I teetered slightly and felt the horror of the last few minutes start to sink in. Sinking, sinking, sinking. I needed to go home.

Moses must have felt me slowly plummeting into the abyss, because without another word, he reached out his hand and loosely took my arm, offering support. I loved him at that moment, more than I thought I could. Way more than our brief encounters warranted. The troublemaker, the delinquent, the crack baby. He was now my hero.
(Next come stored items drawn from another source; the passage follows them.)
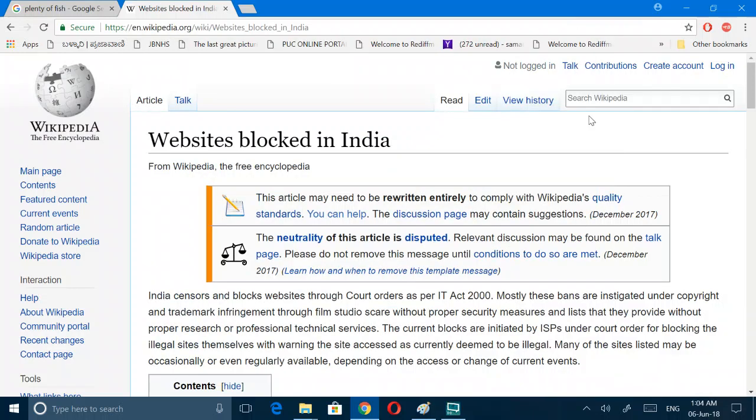Hi everybody, let's talk about sites which are blocked in India and how we can access those sites that are not visible in Chrome or any other browser, and how to install the Tor Browser and how to start it.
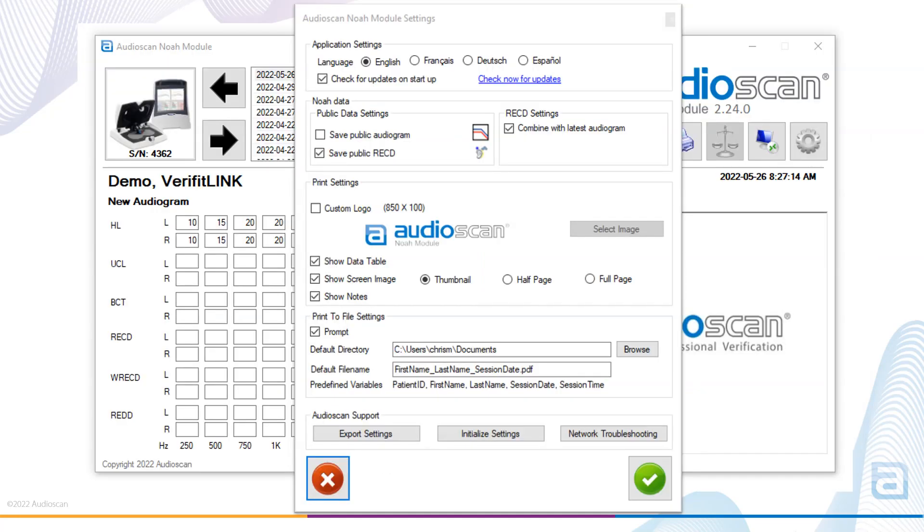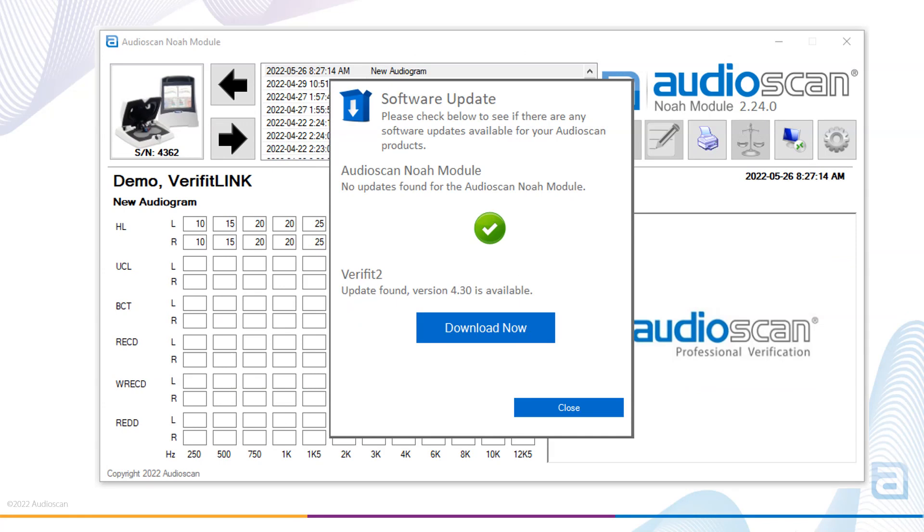If there is a checkmark beside check for updates on startup within settings, the Audioscan Noah module will connect to our website and check the installed software versions versus the latest software from our website. A pop-up will appear within the first minute or so of opening the Audioscan Noah module, indicating whether new updates have been found for either the Noah module or for the Verifit 2 or Axiom software. When a new software update has been found, a download now button appears.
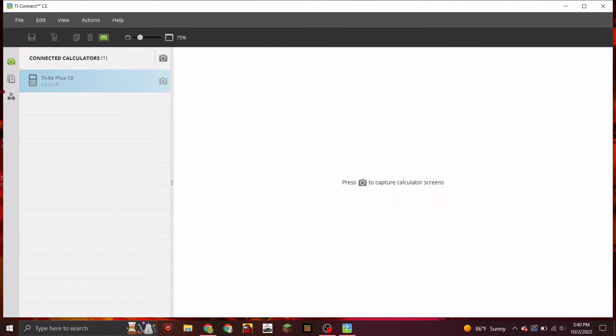And your calculator should appear right here. If it doesn't, make sure it's firmly connected and your calculator is on.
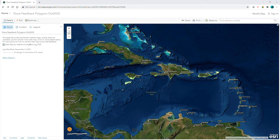To provide feedback, click on the link below to access the web map. Once you've loaded the map, you can click on the legend tab on the left to see the different habitat classes.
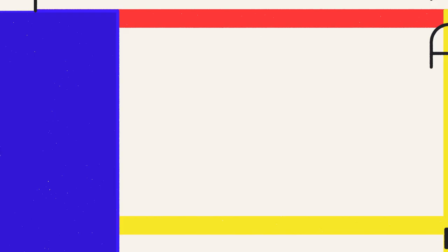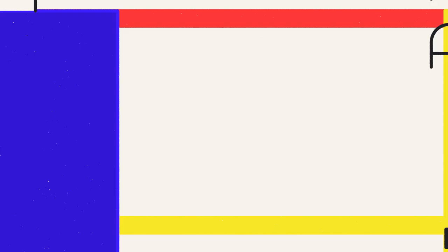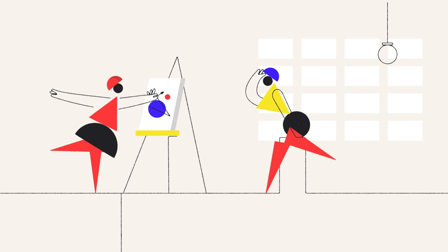The Bauhaus was a German design school that united art and technology in a new way by bringing artists and sculptors together with architects and engineers to teach in partnership under one roof.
He walked beside me slowly, letting me lean on him. And when we reached his Jeep, I stood, staring blankly at it, a Jeep I’d seen day in and day out since he moved to Levan six weeks before. I had been jealous of his cool wheels when I only had an old farm truck to drive, a truck that didn’t go above forty miles per hour. I’d been jealous before, but now I was so grateful for it I wanted to fall to my knees and give thanks. Moses gently urged me up into the passenger seat and buckled me in. The buckles were more like harnesses and I welcomed the relative safety, even as I worried about the fact that the jeep had no roof and no doors.

“Moses, Jeeps, seatbelts, home, Moses,” I listed, not even aware I was speaking out loud, and not caring that I’d repeated Moses twice. He’d earned two spots tonight.

“What?” Moses leaned in and lifted my chin, his eyes worried.

“Nothing. Habit. When I’m . . . stressed, I list the things I’m grateful for.”

He didn’t say anything, but he kept looking at me as he climbed in and started the Jeep. I felt him watching me as he maneuvered his way across the gravel, around the corrals and horse trailers, through the parking lot and out onto the road.

The wind roared into our faces, tangled in my hair, and pushed against my body as we sped down the highway, leaving the fairgrounds, the glittering Ferris wheel, and the happy sounds that had given me such a false sense of security behind us. Those sounds had lulled me and lured me in all my life. Now I wondered how I would ever go back.